Lasting Damage by Sophie Hannah
For anyone who likes the occasional bit of property porn, looking at property websites and TV programmes to see how the other half live, the premise of Lasting Damage, Hannah’s sixth psychochiller would be the perfect nightmare. Imagine starting up a virtual tour of a big house and seeing a dead body in a pool of blood in the lounge…
Well this is what happens to Connie Bowskill one night when she can’t sleep, but by the time she drags husband Kit out of bed to see it, the tour has started again and the body is gone. Was she just imagining it? Connie who is a rather neurotic and paranoid housewife can’t let it go, she contacts the police, hoping to speak to DC Simon Waterhouse, whom she’s encountered before. Only problem is that Simon is on his honeymoon – he finally married his on-off girlfriend Charlie Zailer, a former cop. But luckily Simon’s colleague takes her seriously enough to contact the police in the city where the house and ‘body’ were.
I’m not even going to attempt to try to explain any more of the plot than that. As you might guess, there’s an awful lot more to the story – Connie
knows suspects something – it involves her husband and houses in Cambridge – they nearly moved there once. It’s also enough to get Simon and Charlie back early from their honeymoon. The plot gets phenomenally twisted and very complex, and although the book was unputdownable, I needed breaks to even begin to assimilate what was happening – only for it to all be turned on its head again when I dived back in!

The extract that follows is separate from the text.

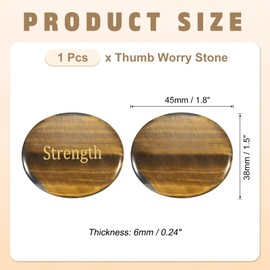 PATIKIL Natural Thumb Worry Stone, 1.8"x1.5" Oval Crystal Stone with Inspirational Words, Pocket Rock Anxiety Crystals for Women Stress Gifts Meditation, Yellow Brown(Style 17)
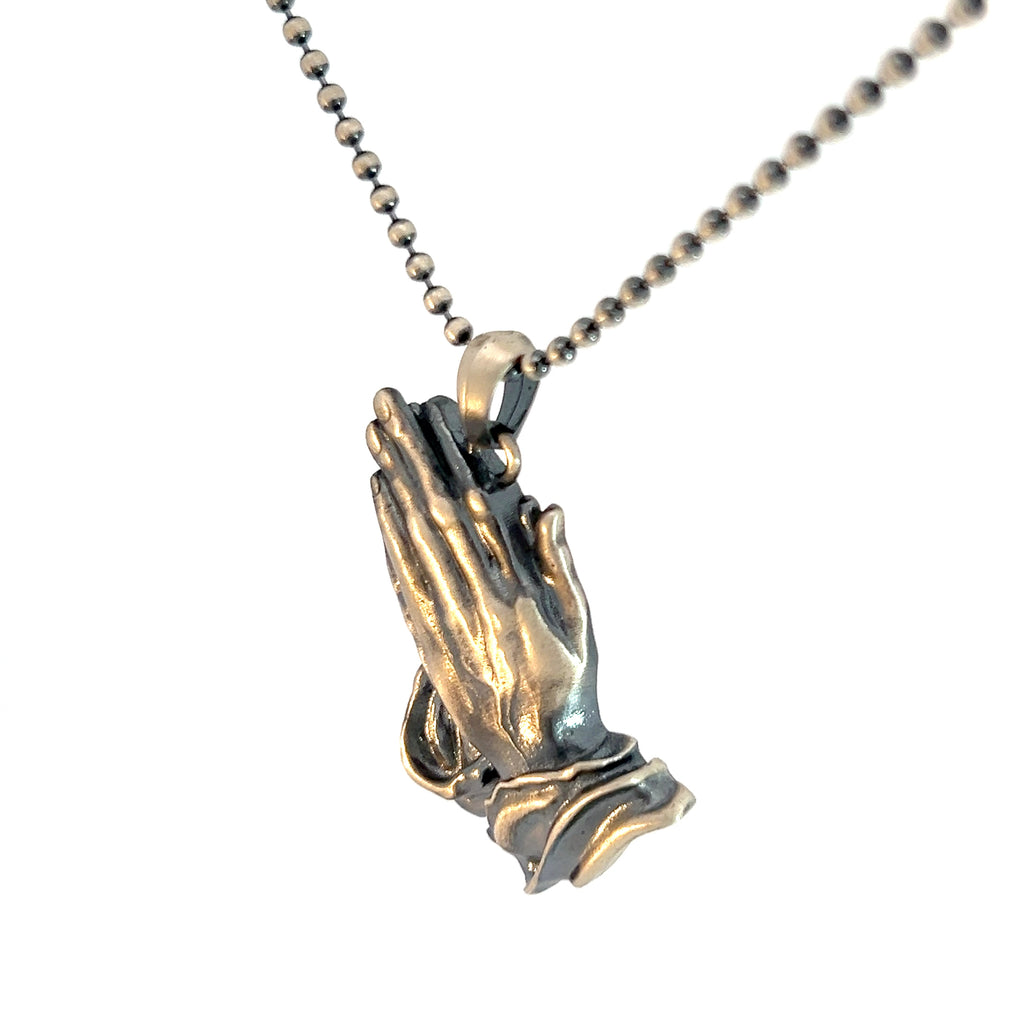 Sterling Silver 21.6 Gram Necklace/ Prayer Hands Pendant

In Connie and Kit, Hannah has created marvelously complicated characters. Connie, the small town girl who works for the family firm, swept off her feet by the Cambridge graduate who promises her a different life, but finds she can’t cut the ties to her manipulative family. Kit has dreams, but appears to have settled for second best in a chocolate box cottage, seemingly content with their routine. Connie, who starts off as neurotic, gets more and more paranoid as things unfold. Kit you’re never sure of – sometimes you believe him, others you just can’t – no wonder Connie loses her trust in her soulmate.
As always in Hannah’s novels, the Spilling constabulary are in the background; taking us out of the claustrophobic nightmare that is Connie’s life, into the other one that is Simon and Charlie’s relationship! But you can’t let that get in the way of a good murder, and once Simon, an extraordinarily intuitive detective, is on the case, his new wife has to take a back seat. But it’s the Cambridge police that made me giggle half way through, when Connie quotes a phrase from a poem, only for the detective opposite to reply with the full verse from A E Housman. “Only in Cambridge would the cops quote poetry at you.”
I’ve read Sophie’s first three novels and loved all of them, especially Hurting Distance and The Point of Rescue (reviewed here). I jumped reading books 4 & 5 because I wanted to read this one so badly after she told me about it at an author event I attended last summer. In retrospect I wished I hadn’t opted to read out of order, as I shall now have to go back and find out how Simon and Charlie finally got together properly. Also a character returns from her first novel Little Face, which although not vital to the story, may perplex some readers.
Hannah’s writing is very involving – you feel you’re right inside the minds of her lead characters and can sense the creeping paranoia that envelopes them. You get desperate to find out what happens, truly concerned for them, yet glad it’s not happening to you of course – that little vicarious thrill that keeps you reading books of this ilk – she does it very well indeed.
If I had to describe this novel in one word, I’d call it ‘Twisted’, so twisted that it was sometimes almost too clever, but I never did know what was coming next – it was always a shock! I will read any novels that Sophie Hannah writes, but this one, whilst good, was not quite up to her best for me – 7.3/10.